» **TASK STATEMENT**:
Since the listing below shows pictures, leave them out and write out exactly the lines from the line with "Uhlsport Keeperhandschoenen FM" to the line with "Patio Chairs Set", both included, and no others.

====== DATASET ENTRIES ======

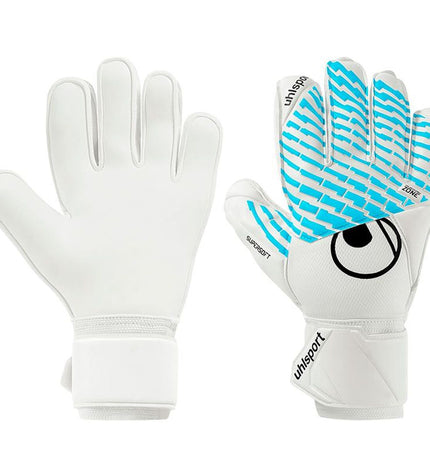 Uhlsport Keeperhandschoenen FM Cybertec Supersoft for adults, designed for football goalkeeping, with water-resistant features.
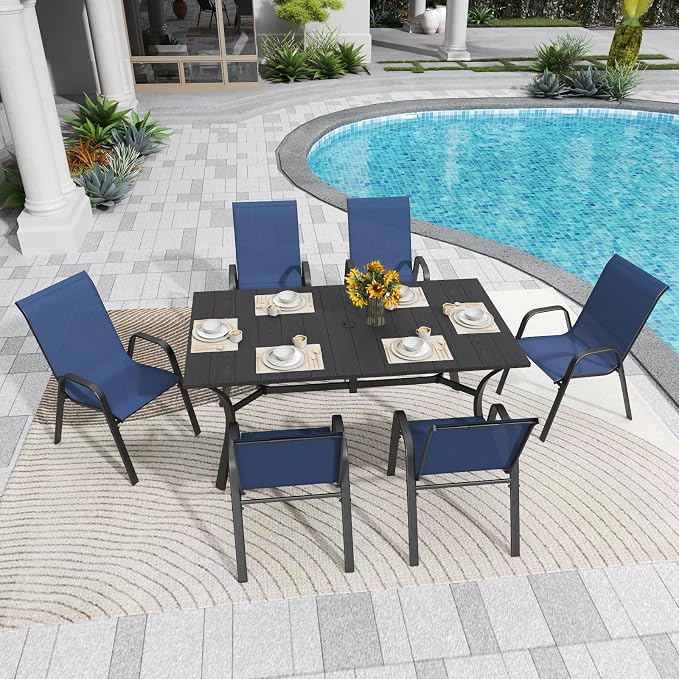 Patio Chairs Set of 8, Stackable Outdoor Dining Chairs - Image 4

======
====== DATASET ENTRIES ======

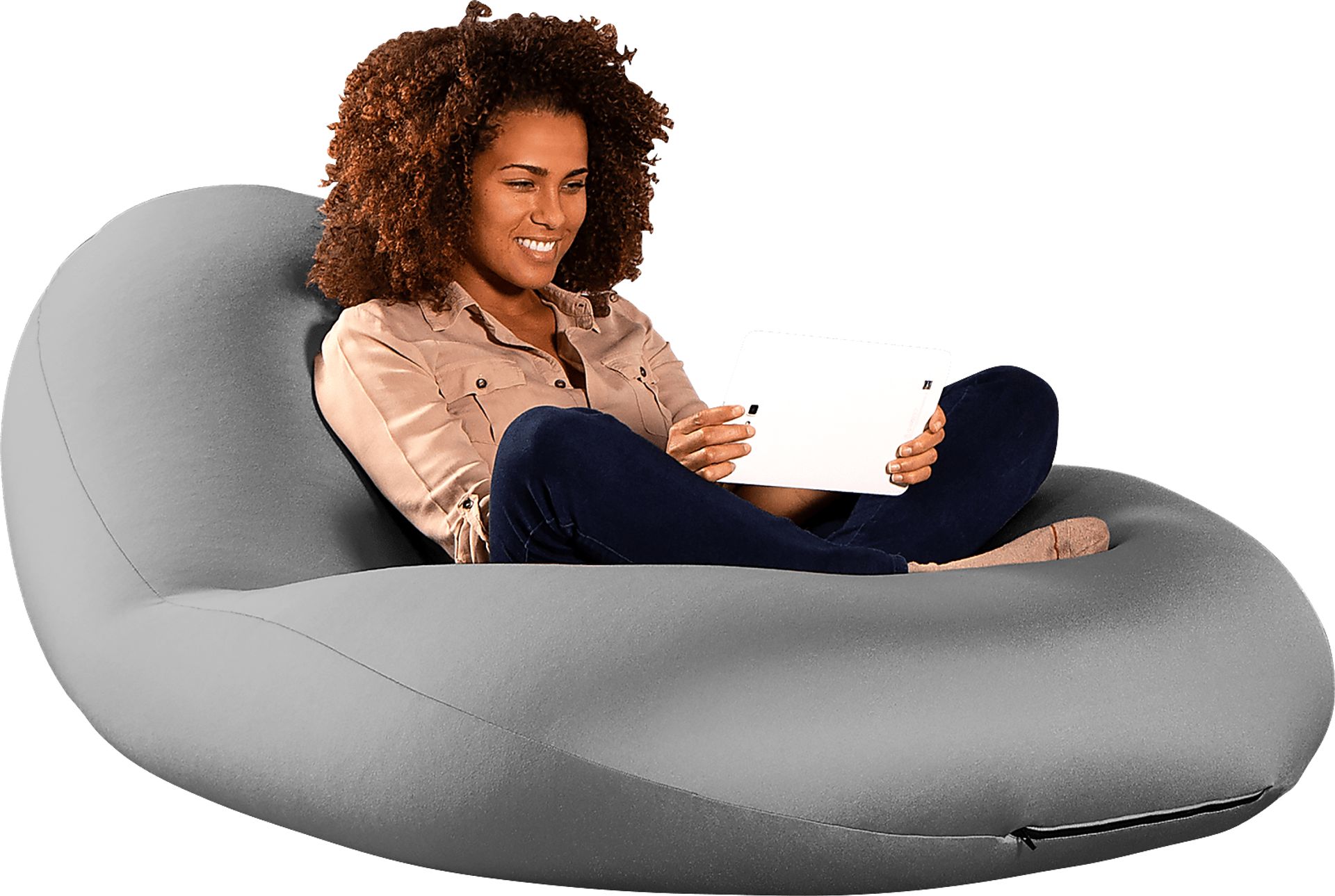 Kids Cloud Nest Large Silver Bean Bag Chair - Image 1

======
====== DATASET ENTRIES ======

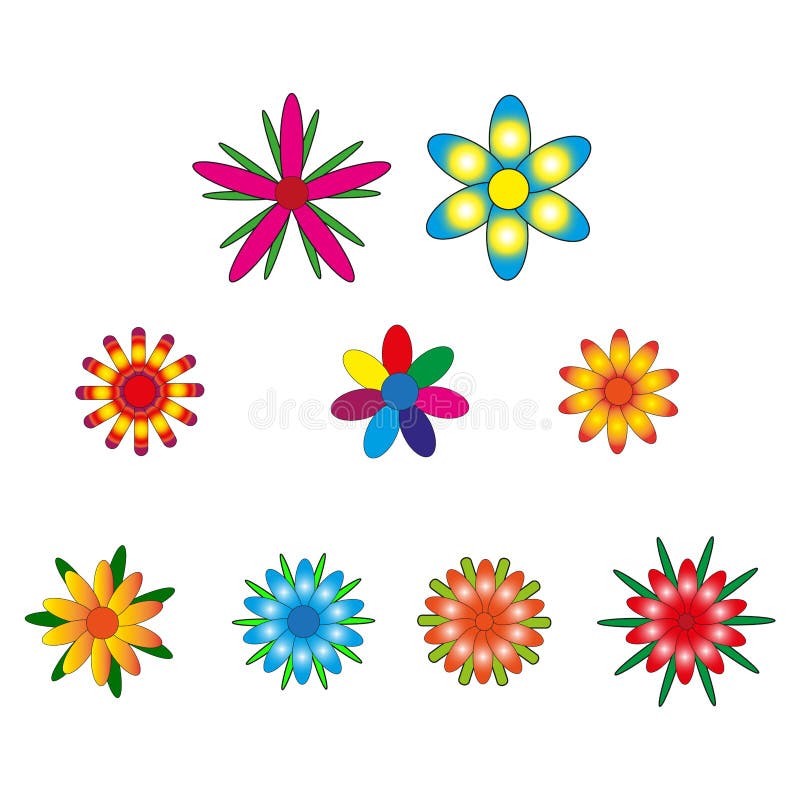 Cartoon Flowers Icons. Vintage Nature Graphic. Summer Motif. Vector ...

======

» **ANSWER FOR THIS EXERCISE**:
 Uhlsport Keeperhandschoenen FM Cybertec Supersoft for adults, designed for football goalkeeping, with water-resistant features.
 Patio Chairs Set of 8, Stackable Outdoor Dining Chairs - Image 4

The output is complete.